Captioned web image data
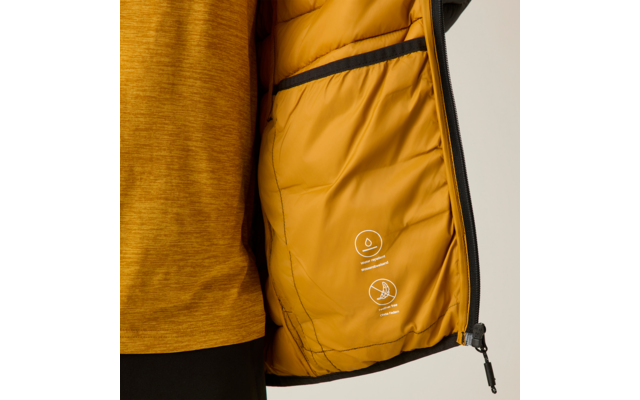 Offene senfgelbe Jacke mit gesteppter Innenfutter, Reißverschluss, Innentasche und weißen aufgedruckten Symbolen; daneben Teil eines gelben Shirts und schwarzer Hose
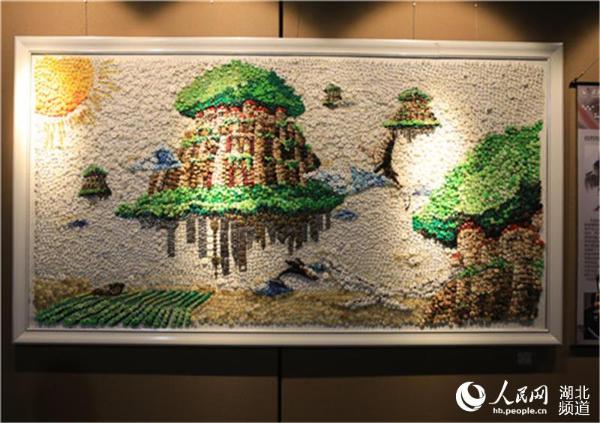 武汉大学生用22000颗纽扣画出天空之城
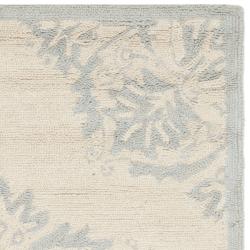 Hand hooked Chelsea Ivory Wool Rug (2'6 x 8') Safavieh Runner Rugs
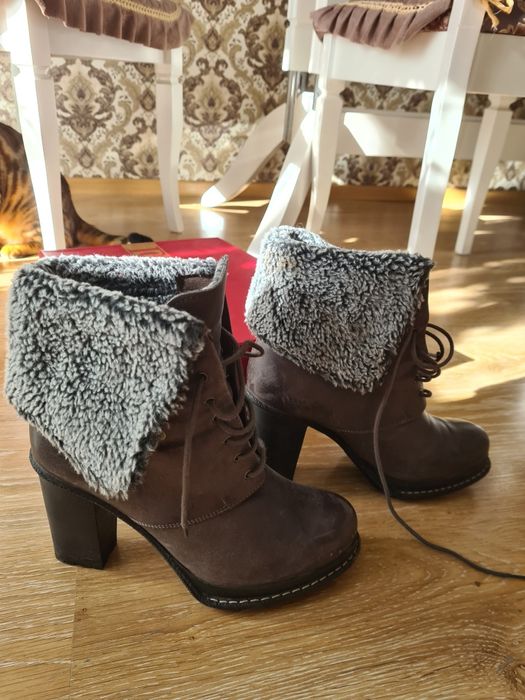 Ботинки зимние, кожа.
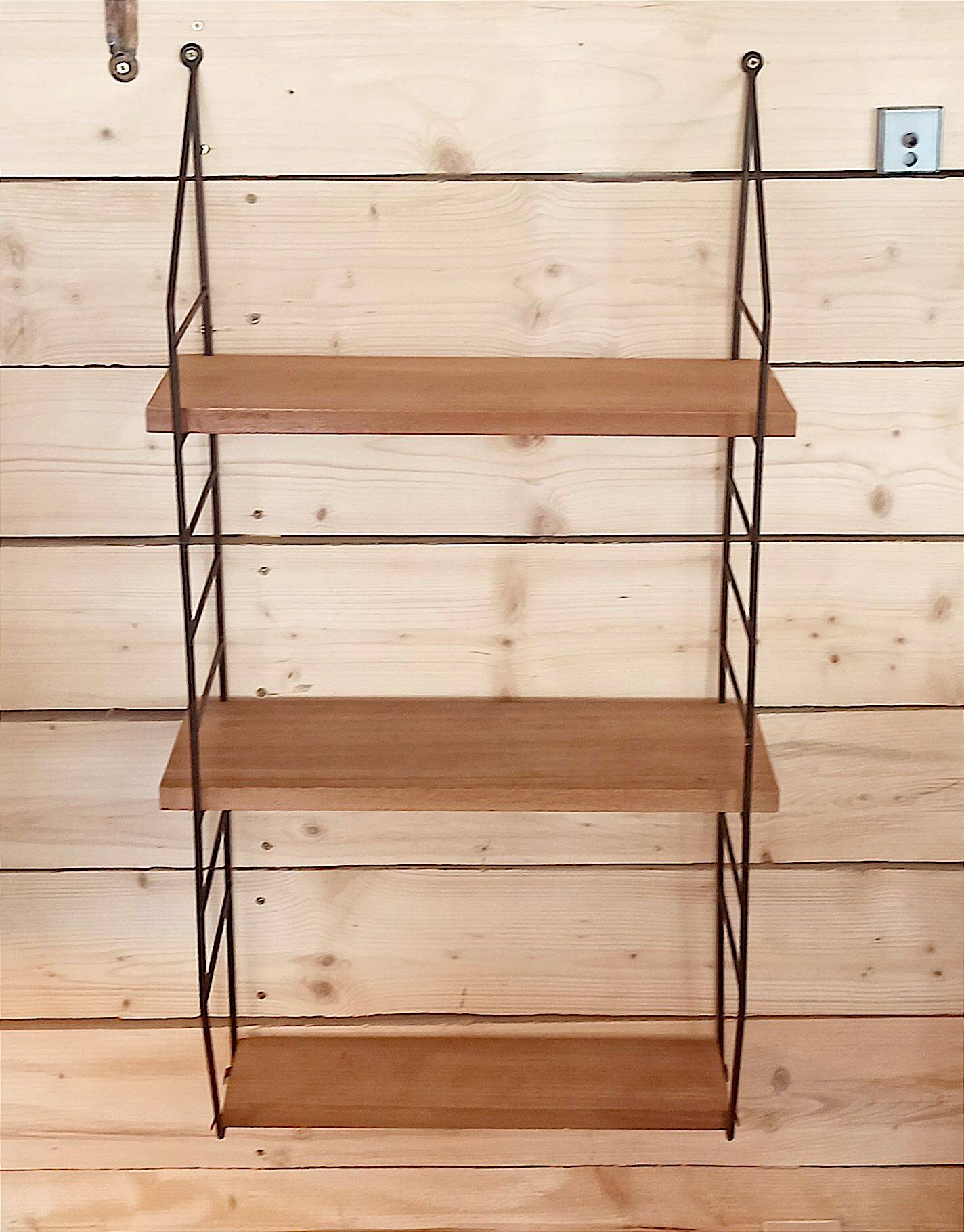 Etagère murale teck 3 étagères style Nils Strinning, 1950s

__YOUR GOAL__.
The answer is a faithful copy of the records above, with the pictures removed.

__WRITTEN SOLUTION__.
 Offene senfgelbe Jacke mit gesteppter Innenfutter, Reißverschluss, Innentasche und weißen aufgedruckten Symbolen; daneben Teil eines gelben Shirts und schwarzer Hose
 武汉大学生用22000颗纽扣画出天空之城
 Hand hooked Chelsea Ivory Wool Rug (2'6 x 8') Safavieh Runner Rugs
 Ботинки зимние, кожа.
 Etagère murale teck 3 étagères style Nils Strinning, 1950s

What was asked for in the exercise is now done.